Premium Market Analysis, Trader Education, Software and Trading Strategies

Quantitative trading, Trading Strategies

Are Historical Data Prior to 2009 Obsolete for Developing Trading Systems?

I investigate the validity of claims that data prior to 2009 are obsolete for the purpose of trading system development. It is shown that a high proportion of profitable price patterns in more recent daily data maintain their profitability in past data. The results are statistically significant and the claim of prior data obsolescence can be rejected for the conditions of this particular study.

Are historical data prior to 2009 obsolete? As posed, this question is too broad. After all, data is data, and the more data that is available the better it should be in principle when developing trading systems because they are exposed to a wider spectrum of market conditions. However, not all agree with this idea. For example, Dr. Ernie Chan thinks that “we should not use any data prior to 2009 for most analysis” (See ref. 1 below).  This view should be expected as different traders have different objectives. It could be the case that for some systems price series dynamics have changed to the extent that using old data makes impossible proper development. Usually, the following reasons are listed by those who claim that data prior to 2000 are obsolete:

  • Decimalization of stocks in April of 2001
  • Regulation NMS in 2007
  • Changes in uptick rules
  • Emergence of HFT

The above are valid reasons for not using data before 2000 or 2009 for certain classes of trading strategies. As a matter of fact for my daily calculations of the P-Dow indicator, which by the way has generated some interesting signals recently, I do not use data for Dow stocks prior to 2000. The reason for that is that the signals of this indicator are of short-term nature, maximum 2 to 3 days. Using data prior to 2000, even after detrending is applied, makes the results of this indicator too conservative towards the long side.

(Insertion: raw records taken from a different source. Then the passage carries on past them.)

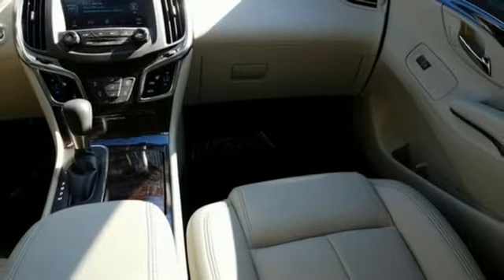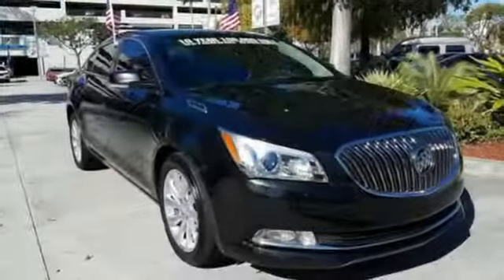Automatic transmission, active grille shutters, gas pressurized shocks, and V6 engine.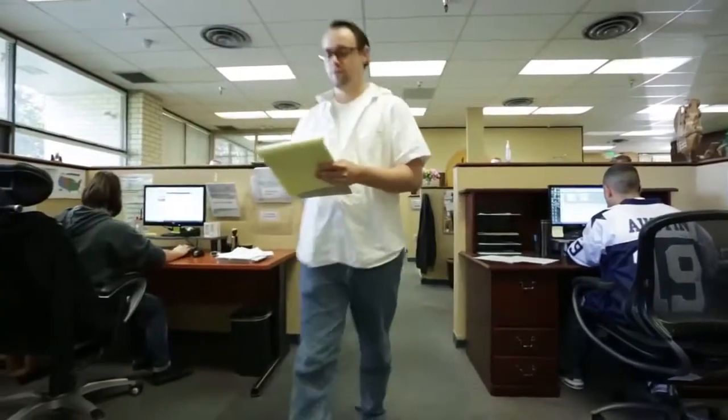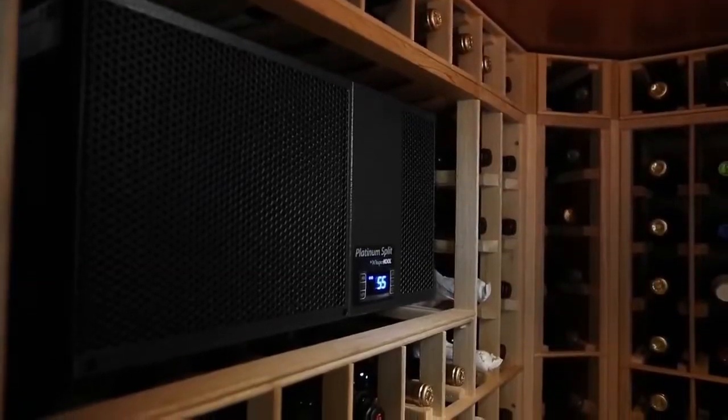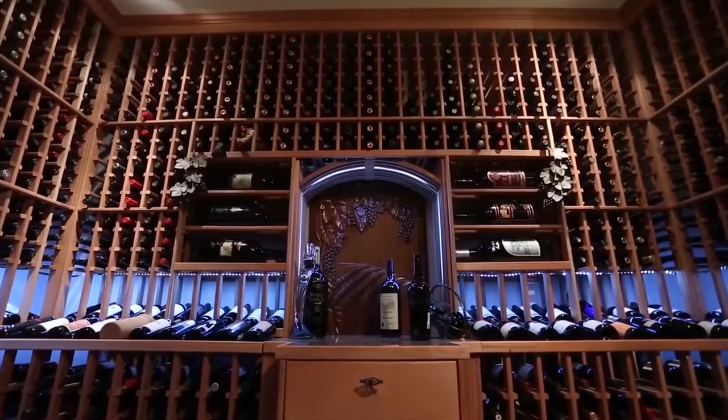When you choose Whispercool, you gain access to our resources, sales, and customer service department. We work extensively with customers before, during, and after the sale to assure that the cooling unit and cellar environment are working together in an efficient manner to protect your valuable investment.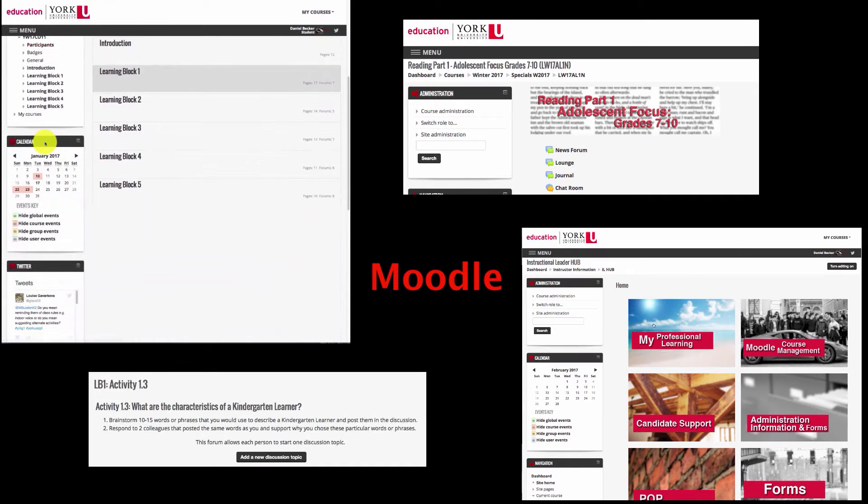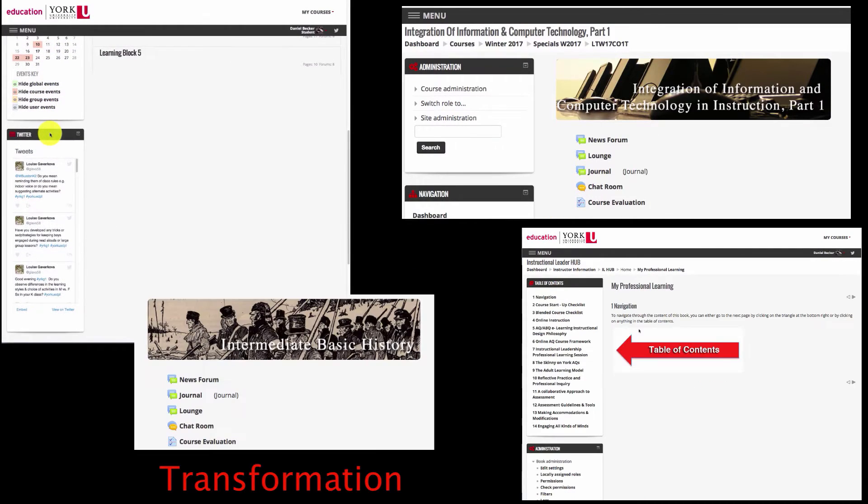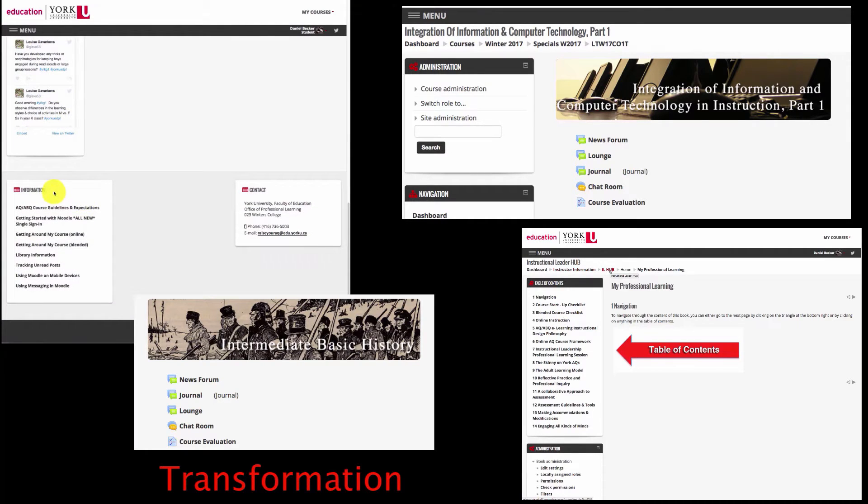Moodle, the learning management system used by York's Professional Learning, has undergone a transformation. As soon as you log on, you'll see the differences are clear.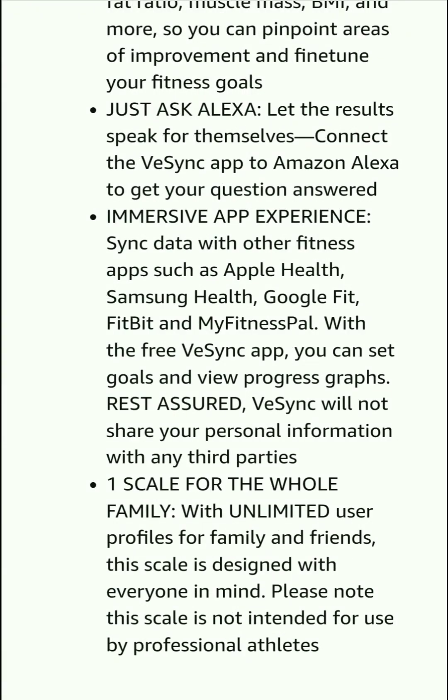Just ask Alexa — let the results speak for themselves. Connect the vScience app to Amazon Alexa to get your questions answered. You can also sync data with other fitness apps such as Apple Health, Samsung Health, Google Fit, Fitbit, and MyFitnessPal. With the free vScience app, you can set goals and view progress graphs. Rest assured, vScience will not share your personal information with any third parties.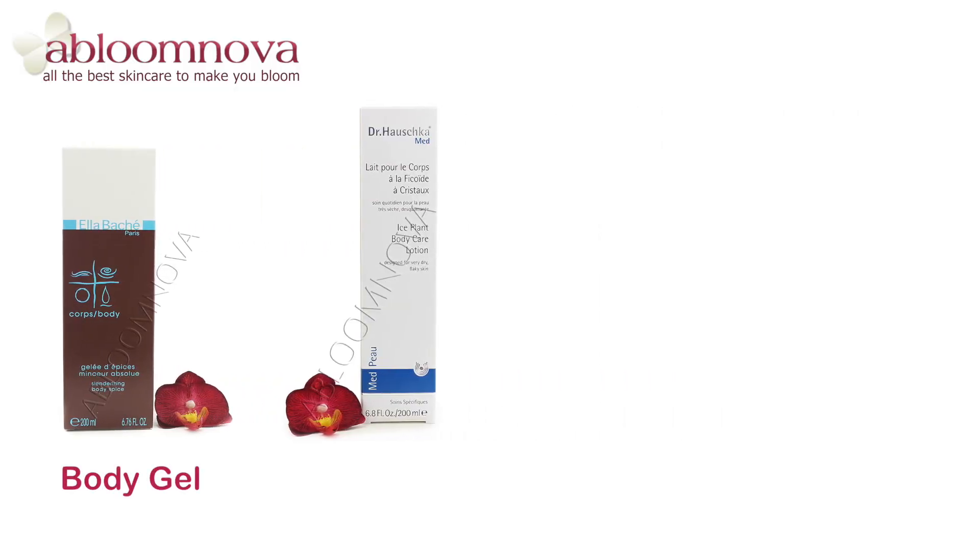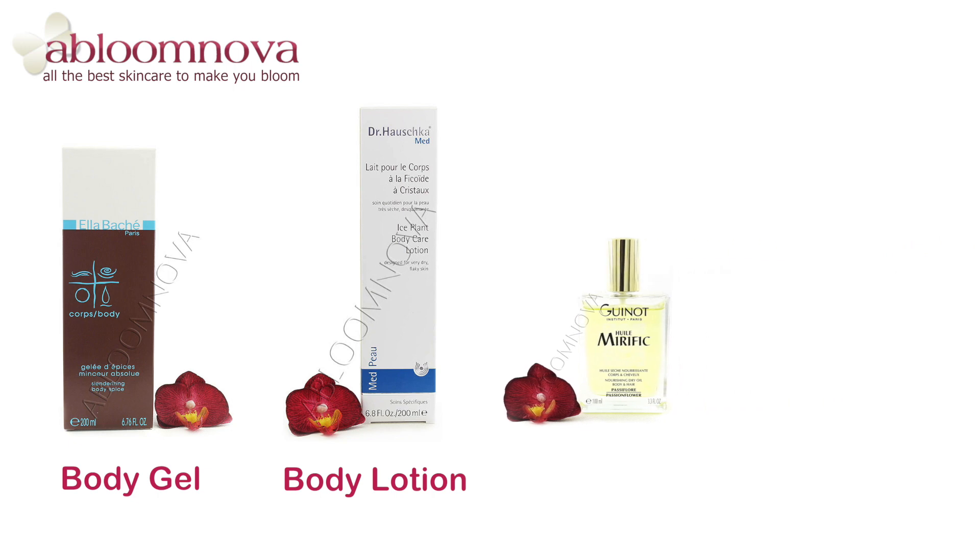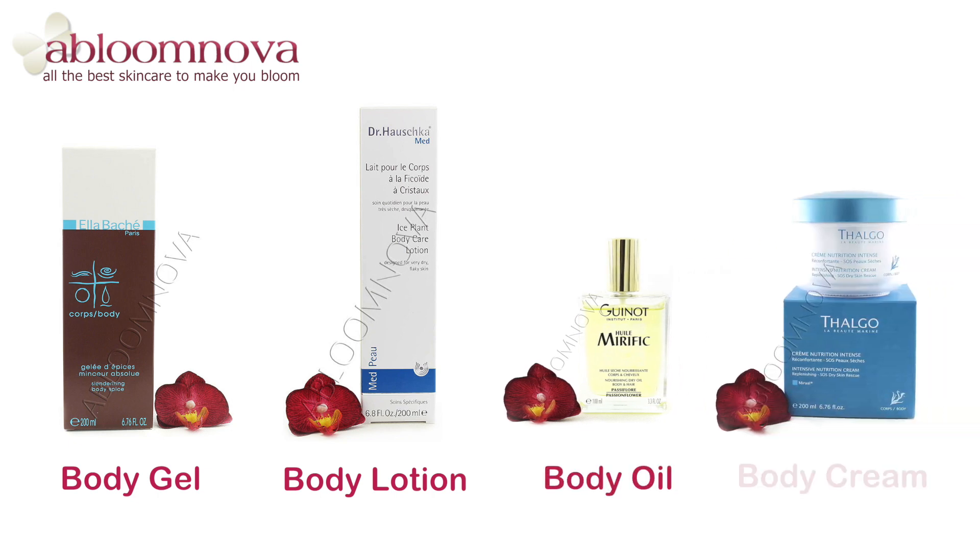There are different types of body moisturizers you can use. Body gels have a lighter formulation, so are perfect for hot days or oily skin types. Lotions and oils are suitable for most skin types and are easy to apply as they're not sticky. Creams are mostly better suited for dry or very dry skin types.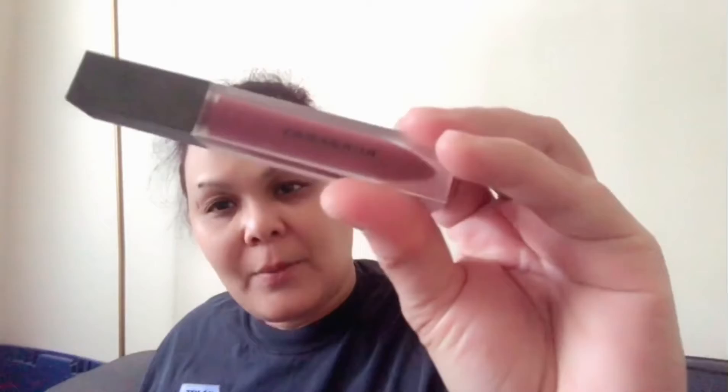And then I got this Burberry Liquid Lipstick Velvet in Oxblood and Military Red. Originally they are $30 each but I got them on sale. This is the Military Red, and this is the Oxblood — it's like a plum color.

It is quite possible that many intraday strategies, including scalping, pairs trading, momentum, as well as some other arbitrage strategies, on both intraday and daily data may have been affected by the changes listed above to the extent that data prior to 2009 or 2000 are obsolete. However, the spectrum of trading strategies is quite broad. Since I concentrate in this blog on parameter-less price patterns, the objective is to investigate whether these changes have caused profitable price patterns to emerge recently that were not profitable in data prior to 2009. The study will concentrate on SPY data.

SPY price series analysis

SPY data from inception (01/29/1993) to 07/02/2015 are split in an in-sample from 01/02/2009 to 07/02/2015 and an out-of-sample from 01/29/1993 to 12/31/2008. Note that the in-sample and out-of-sample are reversed in order and size as compared to normal practice: the in-sample is more recent data and the out-of-sample covers an older time period. Also, normally the out-of-sample is 1/3 of available data but in this case it is about 5/7 of available data.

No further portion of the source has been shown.